__Problem details__
Each and every line of the data must appear exactly as given.

------ Data records ------

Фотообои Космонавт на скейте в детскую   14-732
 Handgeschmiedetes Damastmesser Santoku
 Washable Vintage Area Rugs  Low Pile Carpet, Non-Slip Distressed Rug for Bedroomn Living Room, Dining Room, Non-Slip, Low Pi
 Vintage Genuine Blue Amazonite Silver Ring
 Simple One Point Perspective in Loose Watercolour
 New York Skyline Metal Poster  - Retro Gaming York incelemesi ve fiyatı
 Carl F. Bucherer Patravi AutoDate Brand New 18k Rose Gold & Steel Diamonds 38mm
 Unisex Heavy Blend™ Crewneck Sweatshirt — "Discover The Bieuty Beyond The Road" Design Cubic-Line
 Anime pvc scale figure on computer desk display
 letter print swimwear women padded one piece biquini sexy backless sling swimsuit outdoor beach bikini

------

__Written answer__
Фотообои Космонавт на скейте в детскую   14-732
 Handgeschmiedetes Damastmesser Santoku
 Washable Vintage Area Rugs  Low Pile Carpet, Non-Slip Distressed Rug for Bedroomn Living Room, Dining Room, Non-Slip, Low Pi
 Vintage Genuine Blue Amazonite Silver Ring
 Simple One Point Perspective in Loose Watercolour
 New York Skyline Metal Poster  - Retro Gaming York incelemesi ve fiyatı
 Carl F. Bucherer Patravi AutoDate Brand New 18k Rose Gold & Steel Diamonds 38mm
 Unisex Heavy Blend™ Crewneck Sweatshirt — "Discover The Bieuty Beyond The Road" Design Cubic-Line
 Anime pvc scale figure on computer desk display
 letter print swimwear women padded one piece biquini sexy backless sling swimsuit outdoor beach bikini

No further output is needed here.